Totalitarianism refers to a political system in which all authority is in the hands of the state. In a totalitarian society, all control of public and private life are government run.
Totalitarianism as a Method of Government
First conceptually developed in the 1920's by Italian fascists, primarily Giovanni Amendola, totalitarianism has been present in a variety of movements throughout history.
Initially, the term was spun to be positive and refer to the positive goals of states employing totalitarianism. However, Western civilizations most often did not agree with the concept of totalitarianism and a great deal of discourse regarding the topic became prevalent from within governments, inside classrooms, and at the dining room table.
Some governments and movements that Westerners have accused of being totalitarian in nature include Nazi Germany, Soviets during communism, and the Stalinist movement in particular.
The difference between totalitarianism and authoritarian regimes is important to note.
- While authoritarian regimes place all of the power into a single dictator or group, that power is only political.
- Within totalitarian regimes, the leadership controls nearly all aspects of the state from economical to political to social and cultural. Totalitarian regimes control science, education, art and private lives of residents to the degree of dictation proper morality. The reach of the government is limitless.
Totalitarian Regimes, Leaders and Countries
Examples of totalitarian leaders/regimes/countries include:
- Joseph Stalin – In the Soviet Union, after the conclusion of Civil War, Stalin took over the country and began executing any people who were not in alignment with the goals of the state.
- Benito Mussolini – Having seized power in Italy in 1922, Mussolini become the leader of the nation and immediately began to rule in a totalitarian manner.

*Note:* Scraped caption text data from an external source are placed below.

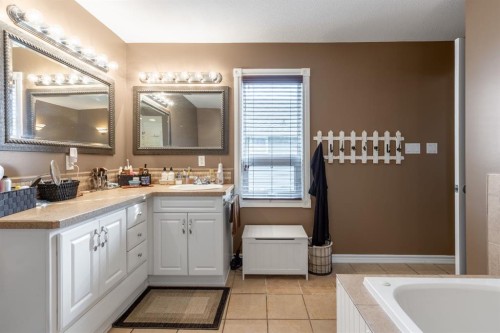 339 2 Avenue East, Cardston, AB 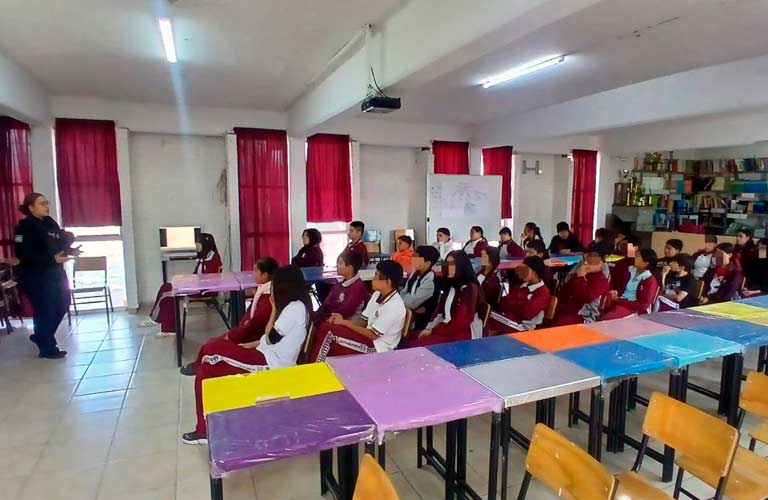 Alcalde Bernabé Mares impulsa campaña para alertar a estudiantes sobre los riesgos del vapeo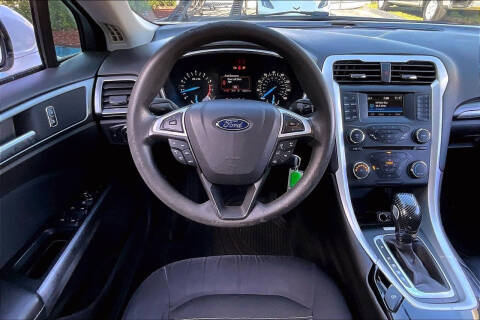 2015 Ford Fusion SE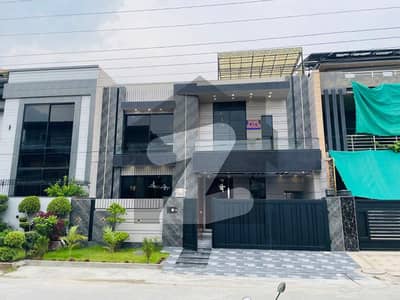 10 Marla Modern House for Sale in Lahore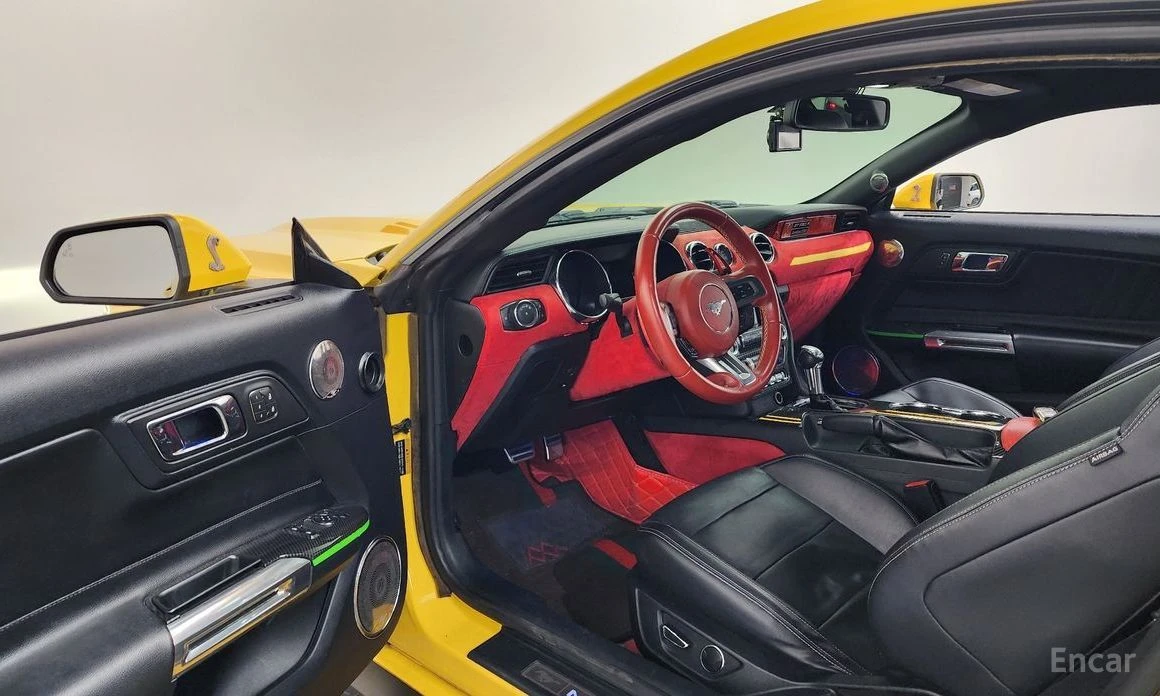 Ford Mustang, снимка 10 - Автомобили и джипове - 54324010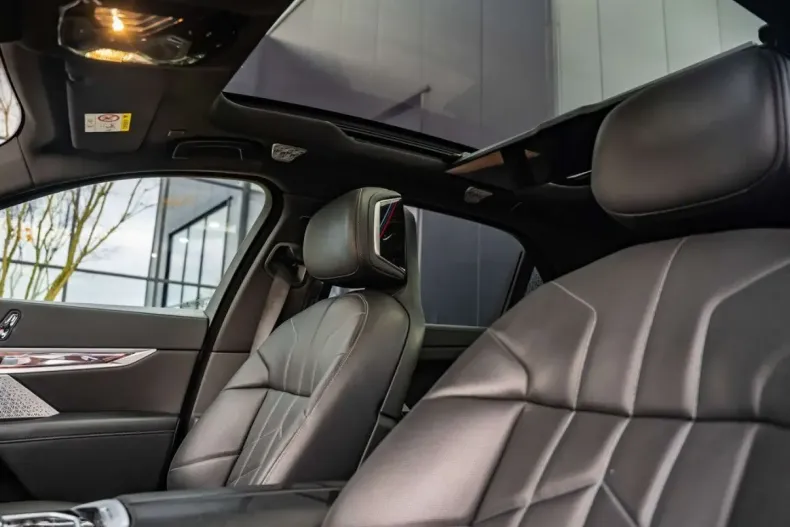 BMW i7 din 2023 cu 65.294 km - oferta BMW167912 - foto 15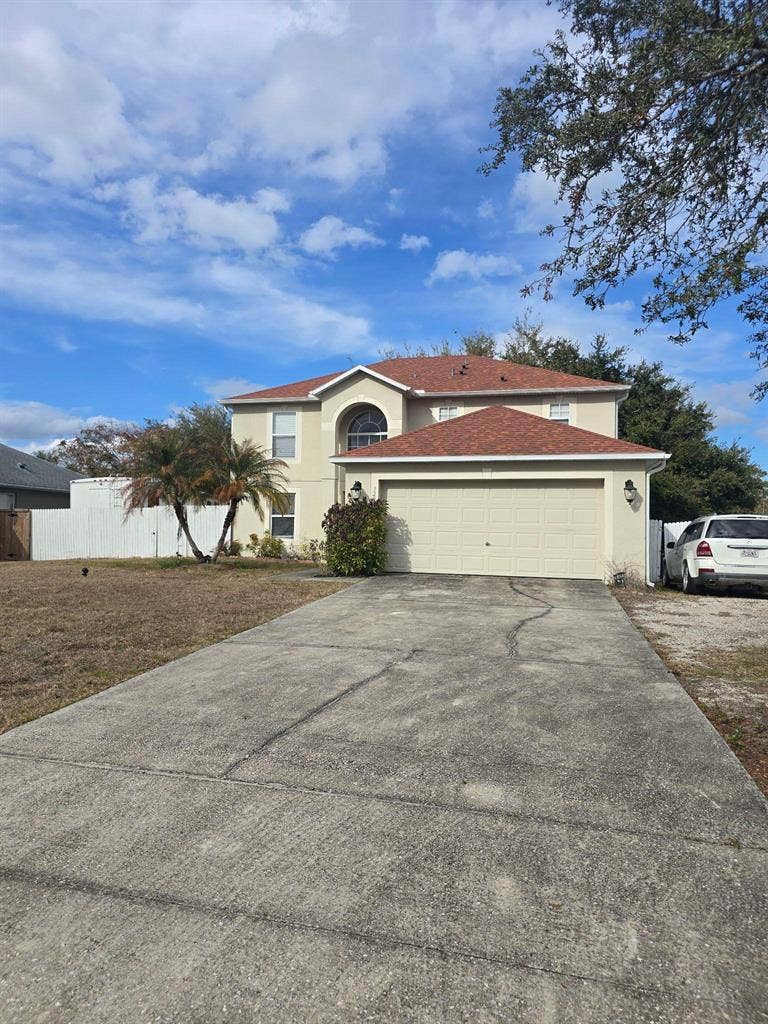 4 BR in Deltona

- Adolf Hitler – Notorious for his reign in German, Hitler employed totalitarianism as a means to attempt to achieve an obedient nation that was his personal vision for the country.

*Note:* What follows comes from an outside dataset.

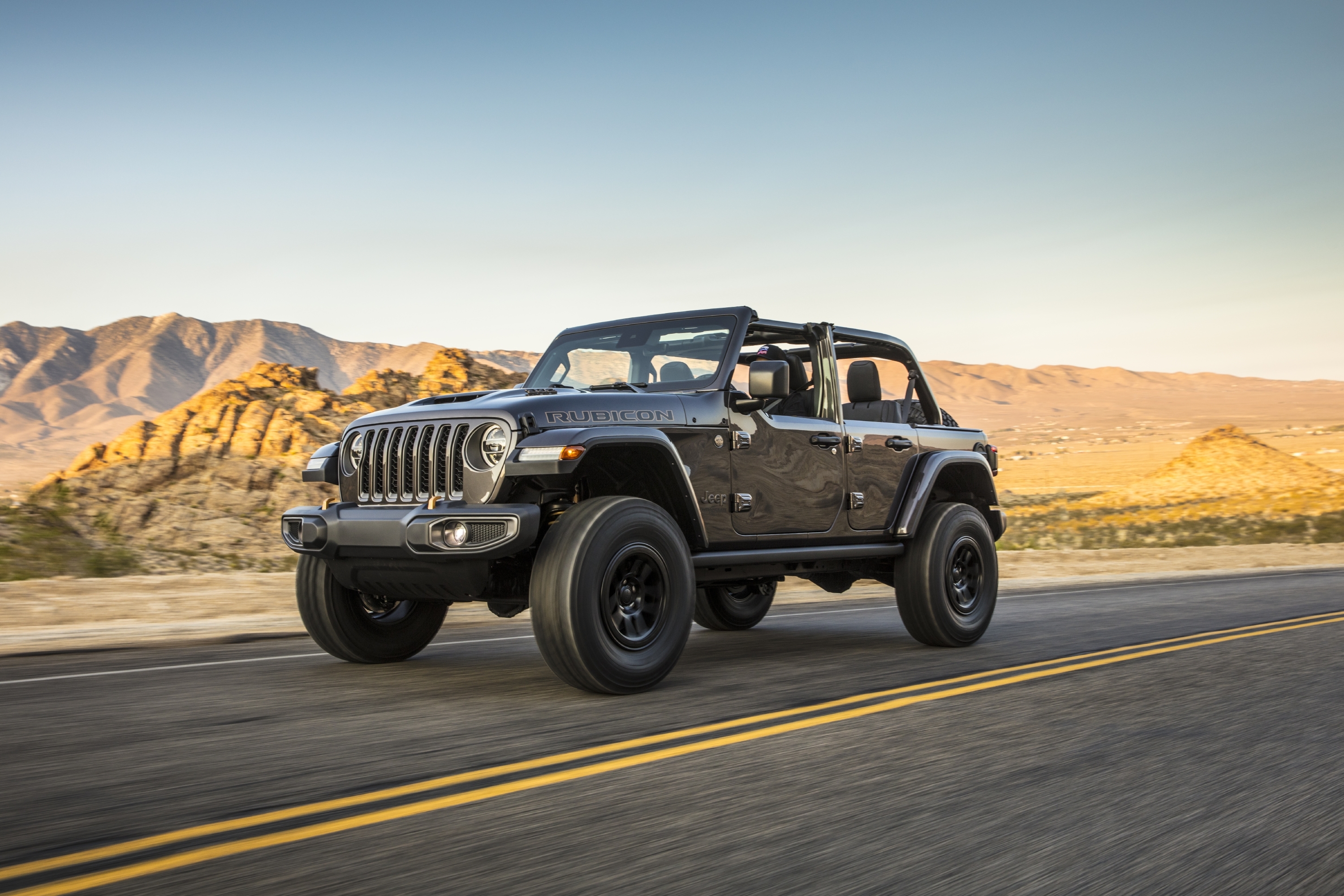 2021 Jeep Wrangler Rubicon 392 Packs a V-8 Off-Road Punch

- North Korea – North Korea has been ruled by the same family since 1948. The family has been running the country based on the concept of self-reliance. However, severe economic declines have contributed to the country's struggle to maintain totalitarianism.
- Mao Zedong – From 1949, when he established the People's Republic of China, until his death in 1976, Chairman Mao lead China in a way in line with the concepts of totalitarianism.
Strategies to Implement Totalitarianism
Examples of totalitarian regime strategies to gain control of the nation include:
- Having a dictatorship
- Employing only one ruling party
- Rule through fear
- Censorship of media
- Propaganda in media, government speeches and through education
- Criticism of the state is prohibited
- Mandatory military sign up
- Secret police forces
- Controlling reproduction of the population (either in hopes to increase or to decrease)
- Targeting of specific religious or political populations
- Development of a nationalist party
Literature and Totalitarianism
Examples of literature related to the concept of totalitarianism:
- Origin of Concept by Hannah Arendt
- 1984 by George Orwell
- Brave New World by Aldous Huxley
- The Trial by Franz Kafka
Now you have seen a lot of different examples of totalitarianism from which you can understand better how this political system works.